**DATA BELOW:**
--- START ---
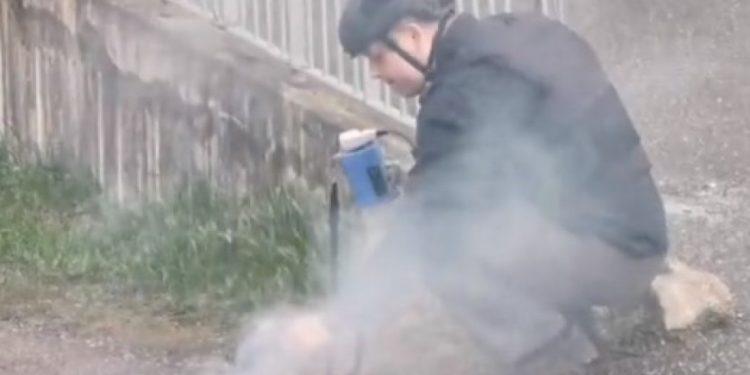 (VIDEO) Sramotno: Danski desničar Rasmus Paludan spalio još jedan primjerak Kur'ana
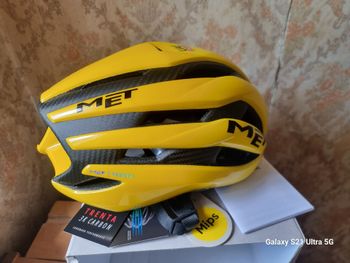 Used MET Trenta 3K Carbon MIPS UAE Team Emirates Edition 2025 bike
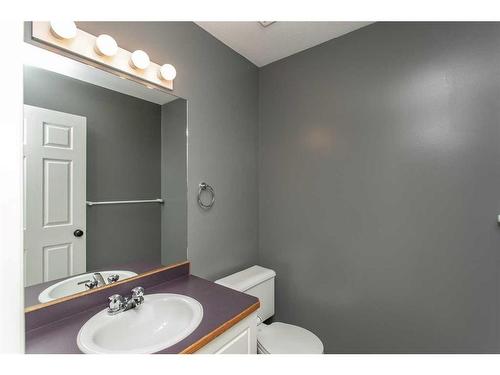 22-6300 Orr Drive, Red Deer, AB - Indoor Photo Showing Bathroom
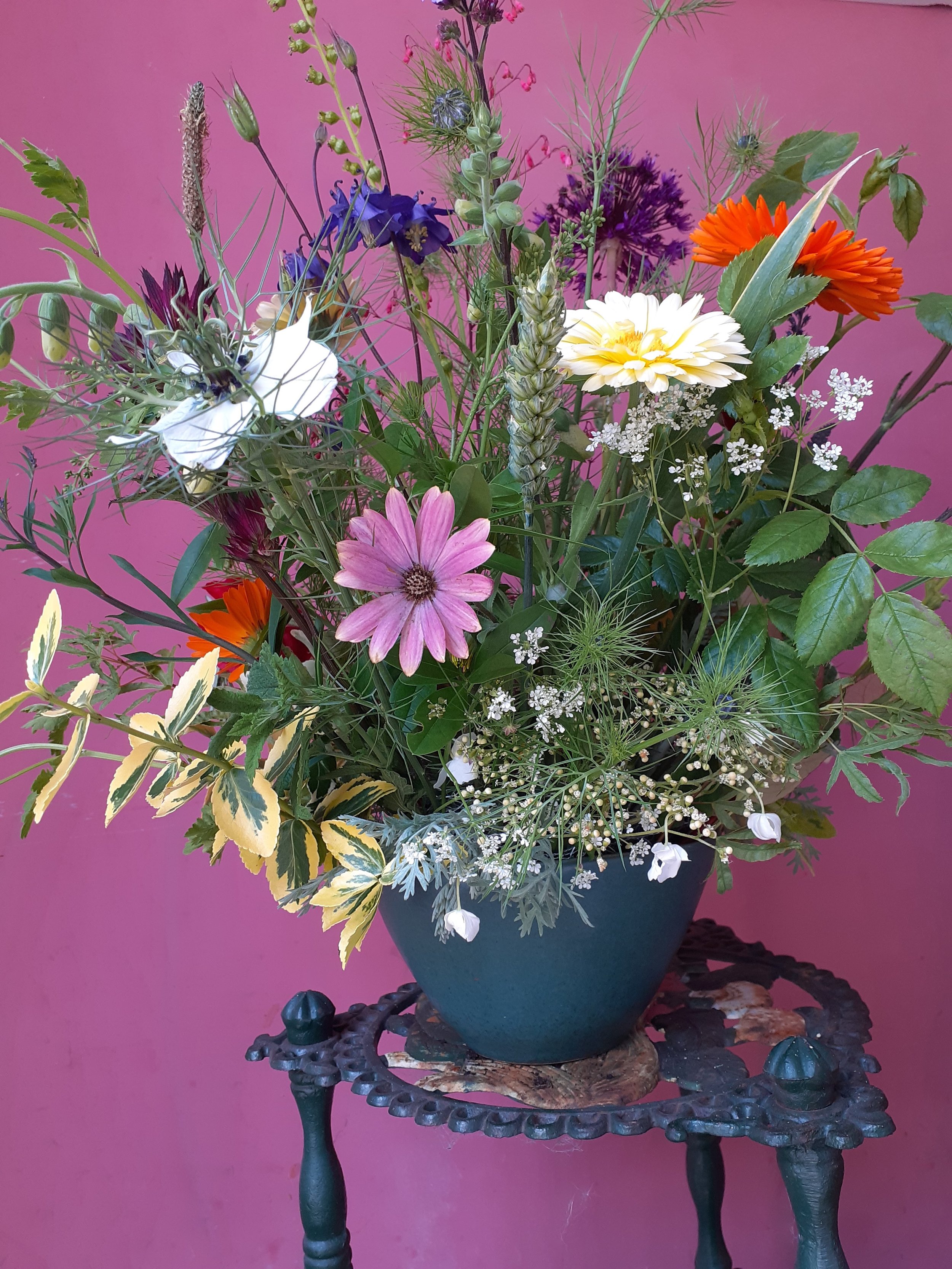 bowl display by Cotswolds based Meadowsweet Floristry of Stroud, Gloucestershire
--- END ---
With the pictures set aside, write out the whole listing exactly.

**ANSWER SPACE:**
 (VIDEO) Sramotno: Danski desničar Rasmus Paludan spalio još jedan primjerak Kur'ana
 Used MET Trenta 3K Carbon MIPS UAE Team Emirates Edition 2025 bike
 22-6300 Orr Drive, Red Deer, AB - Indoor Photo Showing Bathroom
 bowl display by Cotswolds based Meadowsweet Floristry of Stroud, Gloucestershire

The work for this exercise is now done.